• **ABOUT THIS EXERCISE**: Verbatim output of the lines below is required, with the images omitted.

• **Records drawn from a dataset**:

□ □ □

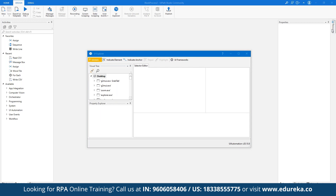Next, Indicate Elements is used to indicate a UI element to capture its UI properties and selectors. Indicate Anchor is useful for indicating and selecting an anchor relative to the target UI element. Repair allows you to reselect the target UI element and replace a dynamic attribute with a simple asterisk — which refers to all. Highlight brings the target element to the foreground, and UI Frameworks allows you to select the technology used to determine the available UI elements.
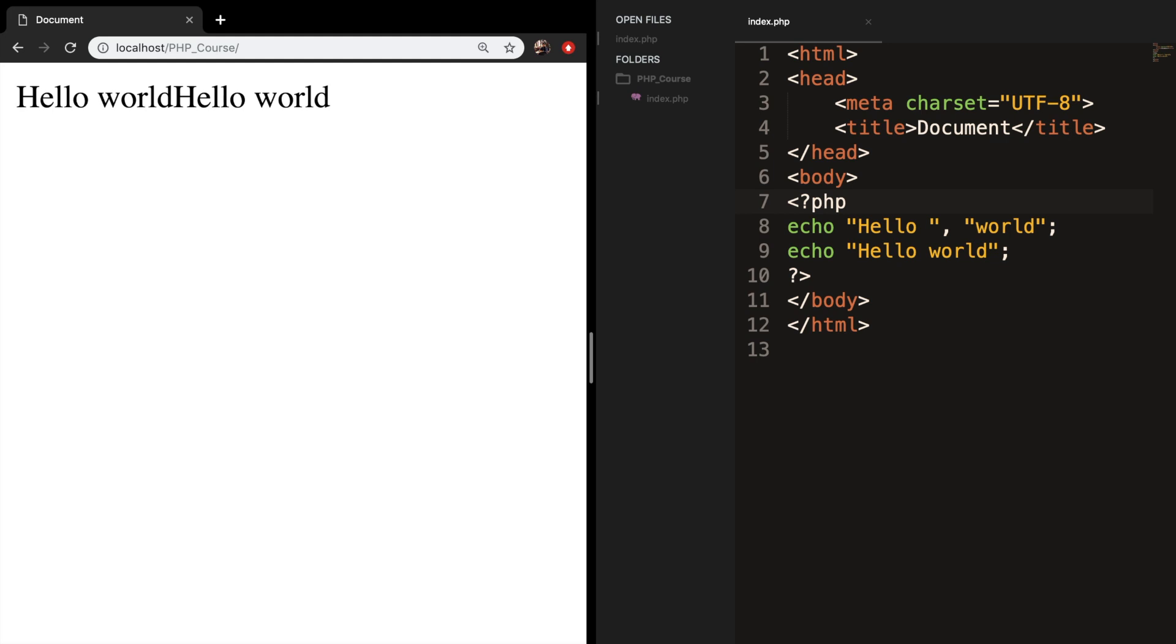Welcome back to a new episode about the print statement in PHP. The print statement is an alternative to echo, and it really doesn't matter which one you use—it is more a personal preference.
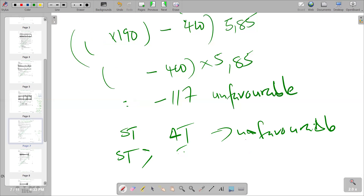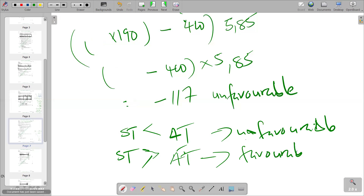So when the standard time is better than actual time, we are in a favorable position. That's what we have for this question. Stay tuned for more videos to come — subscribe and share the link with colleagues who are doing cost and management accounting. As for this video, I'm signing out and we'll meet again in the next video.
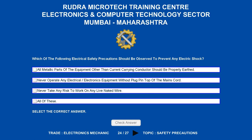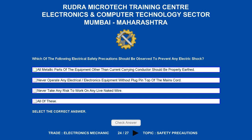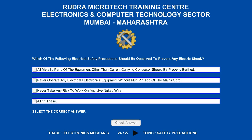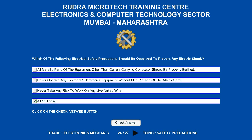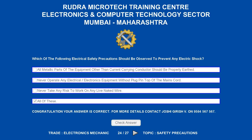Which of the following electrical safety precautions should be observed to prevent any electric shock? Options are: A. All metallic parts of the equipment other than current-carrying conductors should be properly earthed. B. Never operate any electrical or electronic equipment without the plug-pin top of the mains cord. C. Never take any risk to work on any live naked wire. D. All of these. The correct answer is all of these.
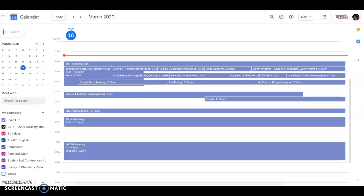Zoom is a web-based conferencing program that will allow us to connect with one another as well as with our students as we get prepared for social distancing.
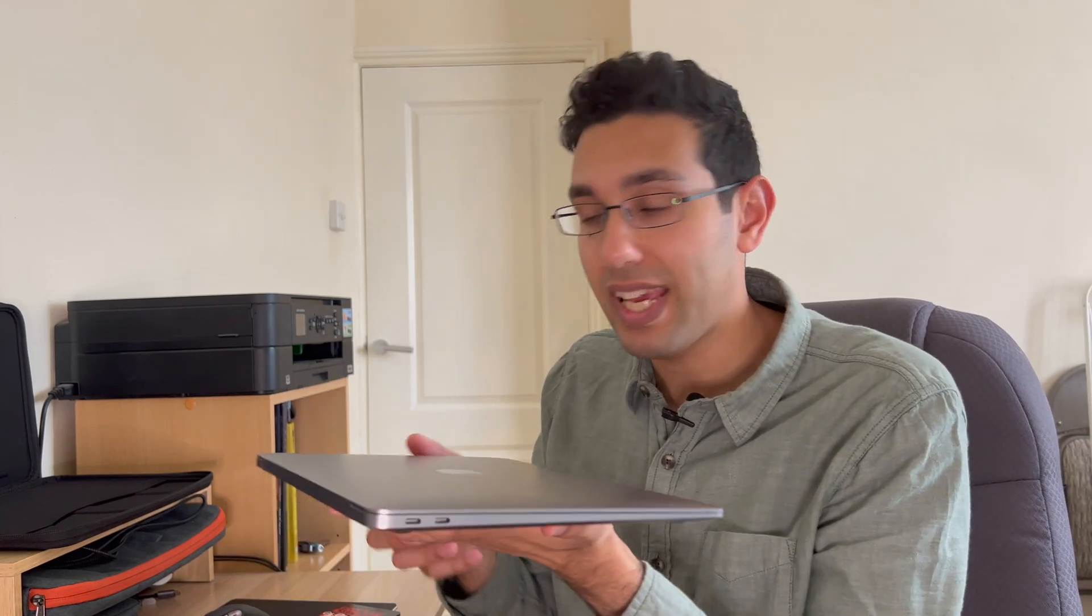Welcome back to the channel. Today I'm going to show you how you can take care of your MacBook Air M1.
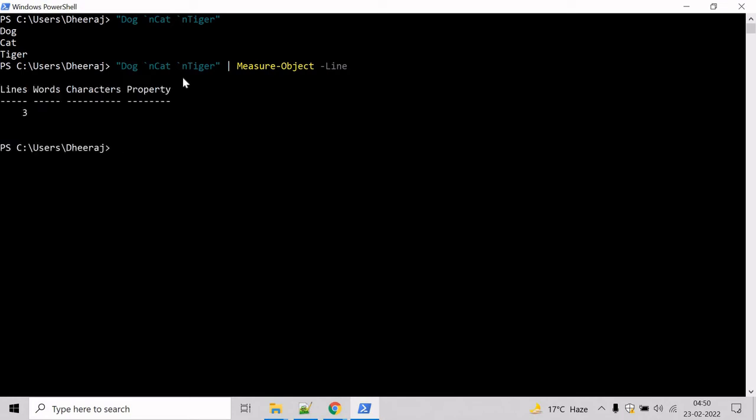So hit enter and here we can see three lines has been written. That is one, two, three. That's correct.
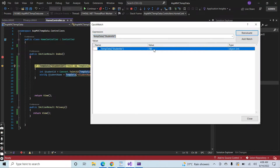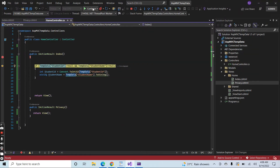So today we learned how to use TempData for sending data from controller to view, from view to controller, and from one action method to another. TempData is a useful feature you can use according to your needs and requirements in ASP.NET MVC .NET Core 6. Thank you for watching the video.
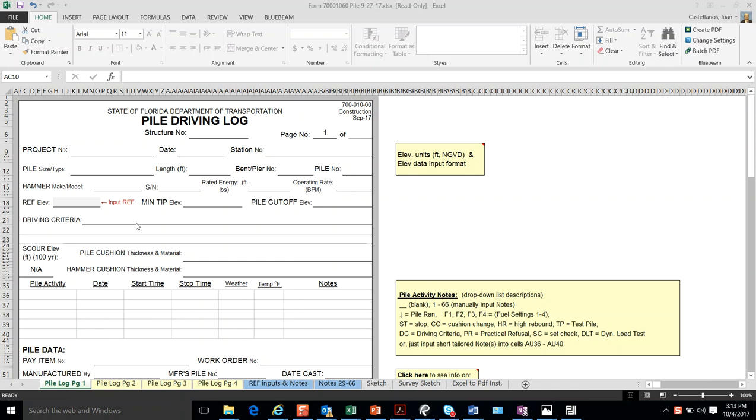Hi, I'm going to cover in this introductory video the Piledriving Log Overview.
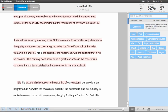Instructors can leave comments in GradeMark by clicking on the paper where they would like to leave their comment and entering the text of the comment.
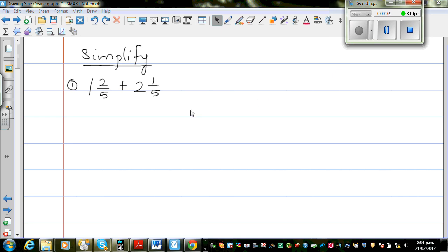In this video I'm going to show you how to add, subtract, multiply and divide fractions and include a mixed number.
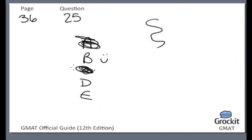Choice D: if, when a beetle pauses, it has not gained on the insect it is pursuing, the beetle generally ends its pursuit. This is definitely outside the scope of what we're after. This talks about what happens if it isn't catching up to the other insect. We're after what causes it to pause before resuming — not what would cause it to stop and then just give up. So, totally outside the scope, not the right answer.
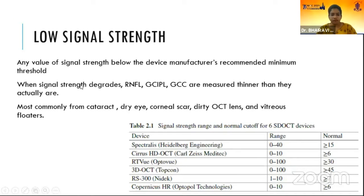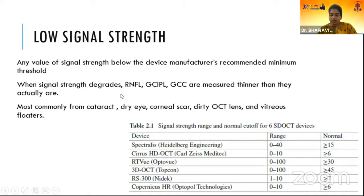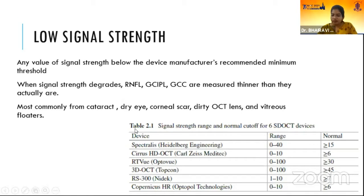Low signal strength is any value below the device manufacturer's recommended minimum threshold. When signal strength degrades, RNFL, GCIPL, and GCC are measured thinner than they actually are. It is most commonly seen due to cataract, dry eye, corneal scar, dirty OCT lens, or vitreous floaters.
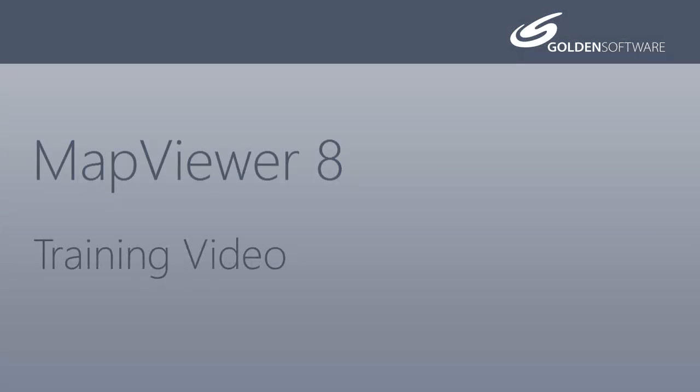Welcome to Golden Software's video training for Map Viewer 8. Map Viewer is an affordable, thematic, mapping, and spatial analysis software package that allows you to produce professional-looking graphics.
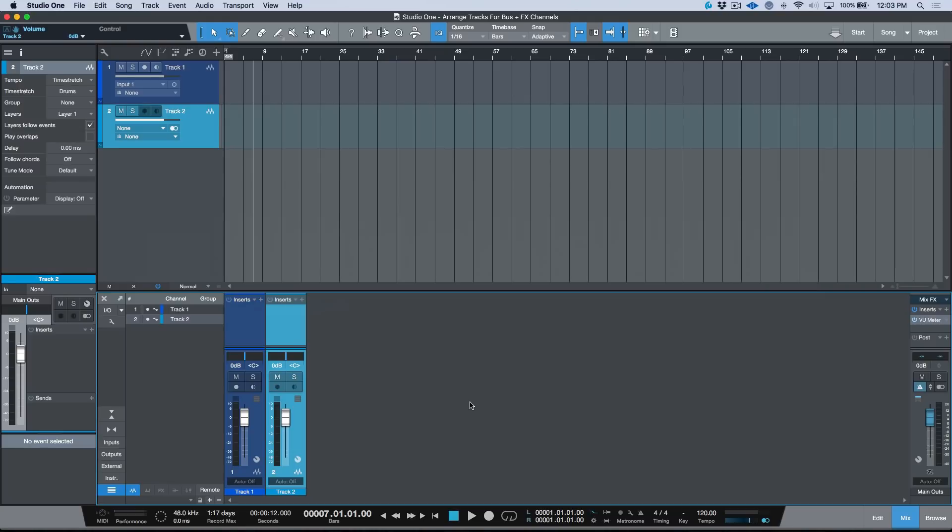Alright, so moving right along, we're going to be talking about something that hopefully will help out a lot of people. I want to take a moment to talk about the concept of channels and arranger tracks in Studio One.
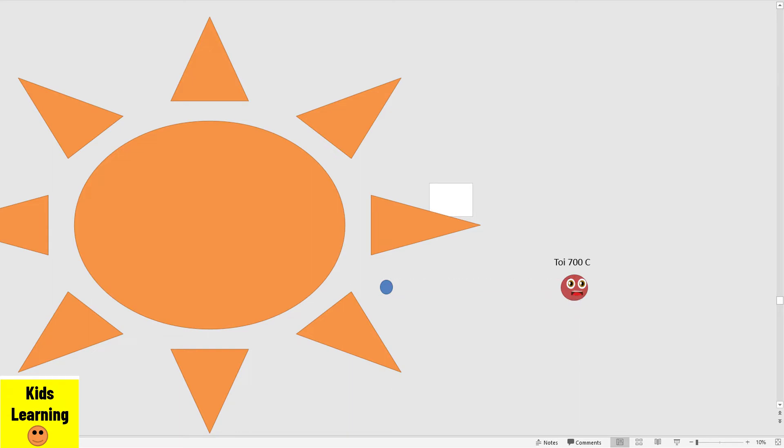I orbit around the star of TOI 700. The planet TOI 700 D and TOI 700 E are some planets in my solar system, you see?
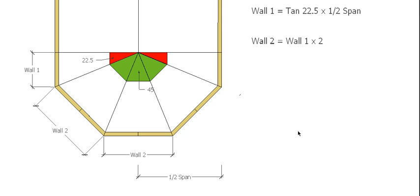So this is just another quick video, this time to show you how to work out where your centering rafters go and how to work out the length of your walls for a semi-octagonal roof.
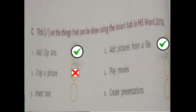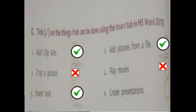Fourth one: Play movies — false. We cannot play movies in MS Word using the Insert tab. And fifth one: Insert text — yes, we can insert text using the Insert tab. And next: Create presentations — that is also false. We cannot create presentations in MS Word.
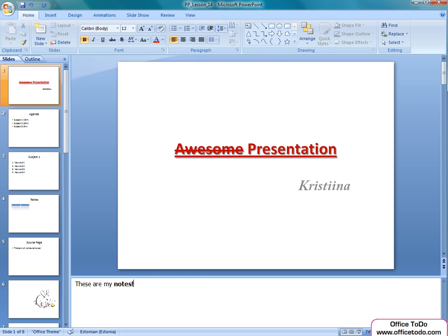Just learn to make the most of the notes and they will serve you well. Thanks for watching and see you in our next lesson on office2do.com. Bye!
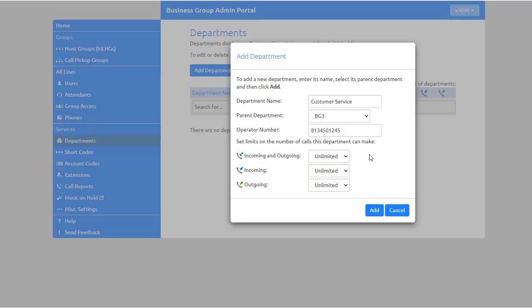Incoming—this limits the number of calls into this department or its sub-departments. Outgoing—this limits the number of calls out of this department or its sub-departments.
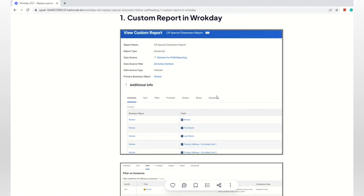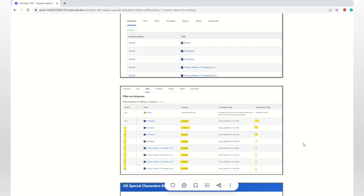So here is the custom report definition. You can add whatever fields you want — generally special characters will appear in first name, last name, and address, but you can always add more. In the Columns tab, whatever fields you want to add, you can add them — it doesn't matter, because the main logic is sitting in the filter. For example, in the first name we are checking if there are any special characters; in this case I'm checking for tilde. You enter the character and we are adding OR conditions. Here I'm checking tilde and pipe for first name in two lines, last name in two lines, address in two lines, and address line two in two lines.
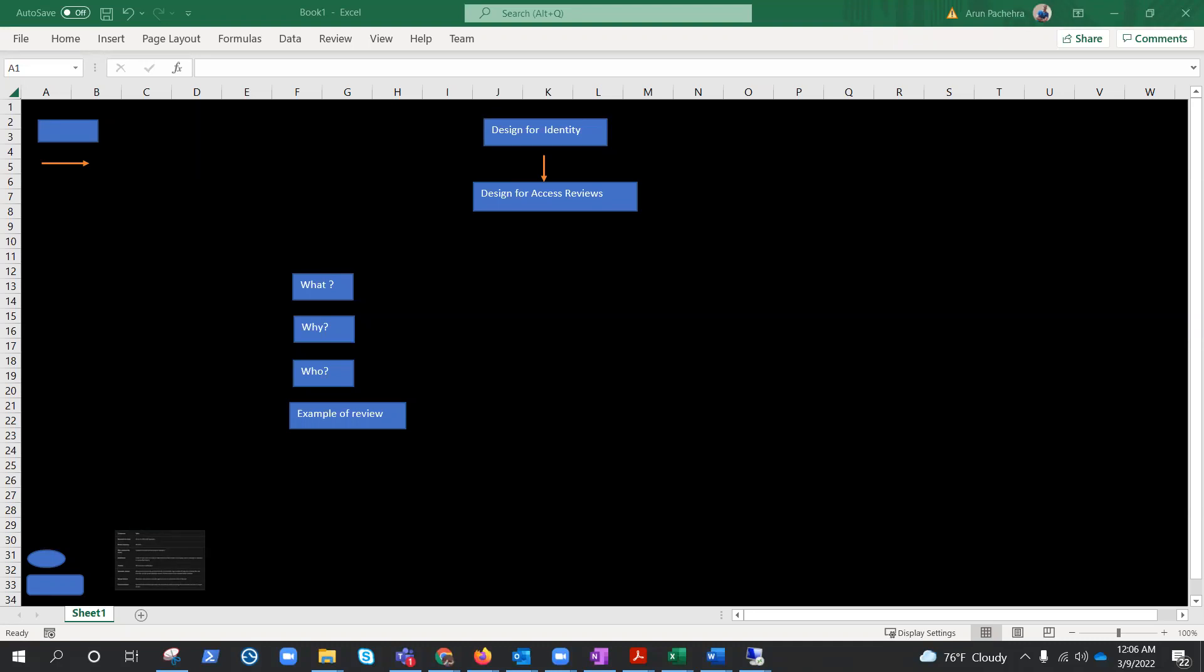Hey everyone, welcome back to the Design 305 series. We are working on the designing for identity module. We have covered conditional access and identity protection on a high level in the previous videos, and in this one we are going to talk about access reviews.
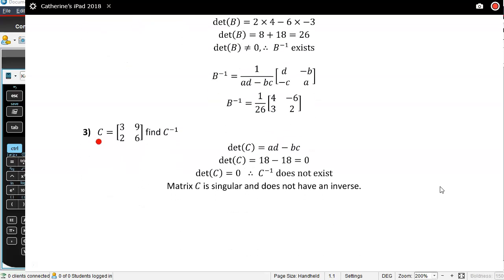Matrix C: 3, 9, 2, 6. Find the inverse. The determinant is 3 times 6, take away 2 times 9 — that's 18 minus 18, which is zero. So the determinant is zero. Therefore, the inverse does not exist. Matrix C is singular and does not have an inverse.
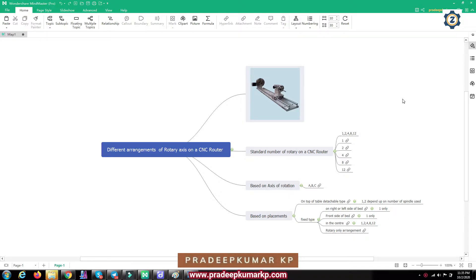Hi everyone, in this video I am going to explain about the different arrangements of rotary axis in CNC router machines. The rotary axis is the axis on which we can fit the workpiece and it will be rotating.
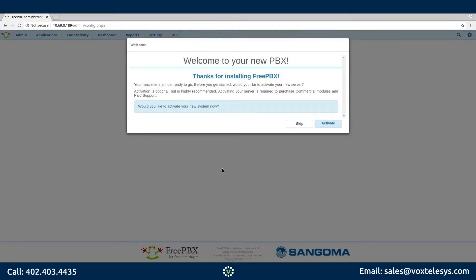You will be greeted by a screen asking you to activate your FreePBX installation. While it is not mandatory that you activate, it is highly recommended. Activating your installation will unlock some helpful features and allows you to purchase commercial modules. Click Activate.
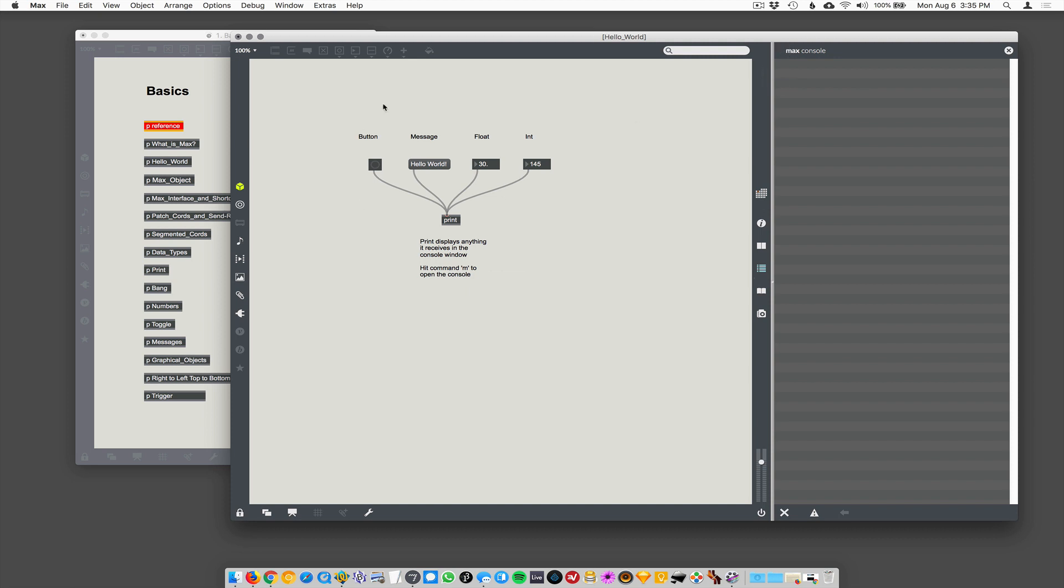It's also the same place you will see error messages. So this is sort of like the Max dashboard where if you get errors or anything that goes into the print object or any print object, you could have multiple print objects in one patch.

□ □ □

• **RESPONSE BOX**:
Next, Indicate Elements is used to indicate a UI element to capture its UI properties and selectors. Indicate Anchor is useful for indicating and selecting an anchor relative to the target UI element. Repair allows you to reselect the target UI element and replace a dynamic attribute with a simple asterisk — which refers to all. Highlight brings the target element to the foreground, and UI Frameworks allows you to select the technology used to determine the available UI elements.
Welcome back to a new episode about the print statement in PHP. The print statement is an alternative to echo, and it really doesn't matter which one you use—it is more a personal preference.
So when the standard time is better than actual time, we are in a favorable position. That's what we have for this question. Stay tuned for more videos to come — subscribe and share the link with colleagues who are doing cost and management accounting. As for this video, I'm signing out and we'll meet again in the next video.
Which of the following electrical safety precautions should be observed to prevent any electric shock? Options are: A. All metallic parts of the equipment other than current-carrying conductors should be properly earthed. B. Never operate any electrical or electronic equipment without the plug-pin top of the mains cord. C. Never take any risk to work on any live naked wire. D. All of these. The correct answer is all of these.
Zoom is a web-based conferencing program that will allow us to connect with one another as well as with our students as we get prepared for social distancing.
Welcome back to the channel. Today I'm going to show you how you can take care of your MacBook Air M1.
So hit enter and here we can see three lines has been written. That is one, two, three. That's correct.
So today we learned how to use TempData for sending data from controller to view, from view to controller, and from one action method to another. TempData is a useful feature you can use according to your needs and requirements in ASP.NET MVC .NET Core 6. Thank you for watching the video.
Hi, I'm going to cover in this introductory video the Piledriving Log Overview.
Instructors can leave comments in GradeMark by clicking on the paper where they would like to leave their comment and entering the text of the comment.
In this video I'm going to show you how to add, subtract, multiply and divide fractions and include a mixed number.
Choice D: if, when a beetle pauses, it has not gained on the insect it is pursuing, the beetle generally ends its pursuit. This is definitely outside the scope of what we're after. This talks about what happens if it isn't catching up to the other insect. We're after what causes it to pause before resuming — not what would cause it to stop and then just give up. So, totally outside the scope, not the right answer.
Low signal strength is any value below the device manufacturer's recommended minimum threshold. When signal strength degrades, RNFL, GCIPL, and GCC are measured thinner than they actually are. It is most commonly seen due to cataract, dry eye, corneal scar, dirty OCT lens, or vitreous floaters.
Welcome to Golden Software's video training for Map Viewer 8. Map Viewer is an affordable, thematic, mapping, and spatial analysis software package that allows you to produce professional-looking graphics.
Alright, so moving right along, we're going to be talking about something that hopefully will help out a lot of people. I want to take a moment to talk about the concept of channels and arranger tracks in Studio One.
I orbit around the star of TOI 700. The planet TOI 700 D and TOI 700 E are some planets in my solar system, you see?
So this is just another quick video, this time to show you how to work out where your centering rafters go and how to work out the length of your walls for a semi-octagonal roof.
Fourth one: Play movies — false. We cannot play movies in MS Word using the Insert tab. And fifth one: Insert text — yes, we can insert text using the Insert tab. And next: Create presentations — that is also false. We cannot create presentations in MS Word.
Just learn to make the most of the notes and they will serve you well. Thanks for watching and see you in our next lesson on office2do.com. Bye!
Incoming—this limits the number of calls into this department or its sub-departments. Outgoing—this limits the number of calls out of this department or its sub-departments.
So here is the custom report definition. You can add whatever fields you want — generally special characters will appear in first name, last name, and address, but you can always add more. In the Columns tab, whatever fields you want to add, you can add them — it doesn't matter, because the main logic is sitting in the filter. For example, in the first name we are checking if there are any special characters; in this case I'm checking for tilde. You enter the character and we are adding OR conditions. Here I'm checking tilde and pipe for first name in two lines, last name in two lines, address in two lines, and address line two in two lines.
Hey everyone, welcome back to the Design 305 series. We are working on the designing for identity module. We have covered conditional access and identity protection on a high level in the previous videos, and in this one we are going to talk about access reviews.
Matrix C: 3, 9, 2, 6. Find the inverse. The determinant is 3 times 6, take away 2 times 9 — that's 18 minus 18, which is zero. So the determinant is zero. Therefore, the inverse does not exist. Matrix C is singular and does not have an inverse.
Hi everyone, in this video I am going to explain about the different arrangements of rotary axis in CNC router machines. The rotary axis is the axis on which we can fit the workpiece and it will be rotating.
You will be greeted by a screen asking you to activate your FreePBX installation. While it is not mandatory that you activate, it is highly recommended. Activating your installation will unlock some helpful features and allows you to purchase commercial modules. Click Activate.
It's also the same place you will see error messages. So this is sort of like the Max dashboard where if you get errors or anything that goes into the print object or any print object, you could have multiple print objects in one patch.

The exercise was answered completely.